With the records below as your source, retype each line exactly from the top down to the line that contains "Wardrobe 2 Doors Glass ( Drawer )", and include that line.

#### DATA RECORDS

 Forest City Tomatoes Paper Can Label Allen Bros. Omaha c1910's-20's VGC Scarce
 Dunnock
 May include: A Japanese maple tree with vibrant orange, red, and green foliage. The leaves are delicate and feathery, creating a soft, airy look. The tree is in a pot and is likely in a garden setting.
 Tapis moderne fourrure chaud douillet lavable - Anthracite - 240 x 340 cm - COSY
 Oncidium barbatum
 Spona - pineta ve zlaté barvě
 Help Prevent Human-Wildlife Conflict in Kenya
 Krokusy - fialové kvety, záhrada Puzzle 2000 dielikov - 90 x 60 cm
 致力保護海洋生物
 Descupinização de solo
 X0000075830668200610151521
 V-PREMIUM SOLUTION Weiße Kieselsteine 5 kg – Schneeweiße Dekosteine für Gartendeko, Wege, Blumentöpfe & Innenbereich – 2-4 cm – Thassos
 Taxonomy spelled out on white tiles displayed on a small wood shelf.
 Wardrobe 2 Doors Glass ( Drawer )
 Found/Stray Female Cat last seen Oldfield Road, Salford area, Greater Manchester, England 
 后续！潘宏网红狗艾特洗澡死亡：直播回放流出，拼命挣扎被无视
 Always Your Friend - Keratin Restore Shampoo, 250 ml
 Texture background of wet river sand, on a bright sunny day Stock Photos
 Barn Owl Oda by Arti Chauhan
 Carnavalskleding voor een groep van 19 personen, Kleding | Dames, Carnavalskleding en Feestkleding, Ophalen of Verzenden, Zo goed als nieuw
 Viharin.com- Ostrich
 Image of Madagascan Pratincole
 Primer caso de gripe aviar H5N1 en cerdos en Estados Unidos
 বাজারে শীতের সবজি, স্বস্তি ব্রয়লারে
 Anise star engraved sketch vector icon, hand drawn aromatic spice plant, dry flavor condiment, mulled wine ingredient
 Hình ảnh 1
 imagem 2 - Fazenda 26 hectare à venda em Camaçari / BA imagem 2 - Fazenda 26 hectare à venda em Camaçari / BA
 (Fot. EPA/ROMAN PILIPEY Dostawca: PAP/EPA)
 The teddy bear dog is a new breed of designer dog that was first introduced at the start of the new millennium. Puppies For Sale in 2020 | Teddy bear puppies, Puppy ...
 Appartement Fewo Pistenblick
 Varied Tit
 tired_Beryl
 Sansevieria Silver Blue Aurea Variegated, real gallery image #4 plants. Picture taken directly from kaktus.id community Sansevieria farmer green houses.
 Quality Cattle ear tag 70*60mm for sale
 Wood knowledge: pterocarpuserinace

########

• ANSWER FOR THE TASK
 Forest City Tomatoes Paper Can Label Allen Bros. Omaha c1910's-20's VGC Scarce
 Dunnock
 May include: A Japanese maple tree with vibrant orange, red, and green foliage. The leaves are delicate and feathery, creating a soft, airy look. The tree is in a pot and is likely in a garden setting.
 Tapis moderne fourrure chaud douillet lavable - Anthracite - 240 x 340 cm - COSY
 Oncidium barbatum
 Spona - pineta ve zlaté barvě
 Help Prevent Human-Wildlife Conflict in Kenya
 Krokusy - fialové kvety, záhrada Puzzle 2000 dielikov - 90 x 60 cm
 致力保護海洋生物
 Descupinização de solo
 X0000075830668200610151521
 V-PREMIUM SOLUTION Weiße Kieselsteine 5 kg – Schneeweiße Dekosteine für Gartendeko, Wege, Blumentöpfe & Innenbereich – 2-4 cm – Thassos
 Taxonomy spelled out on white tiles displayed on a small wood shelf.
 Wardrobe 2 Doors Glass ( Drawer )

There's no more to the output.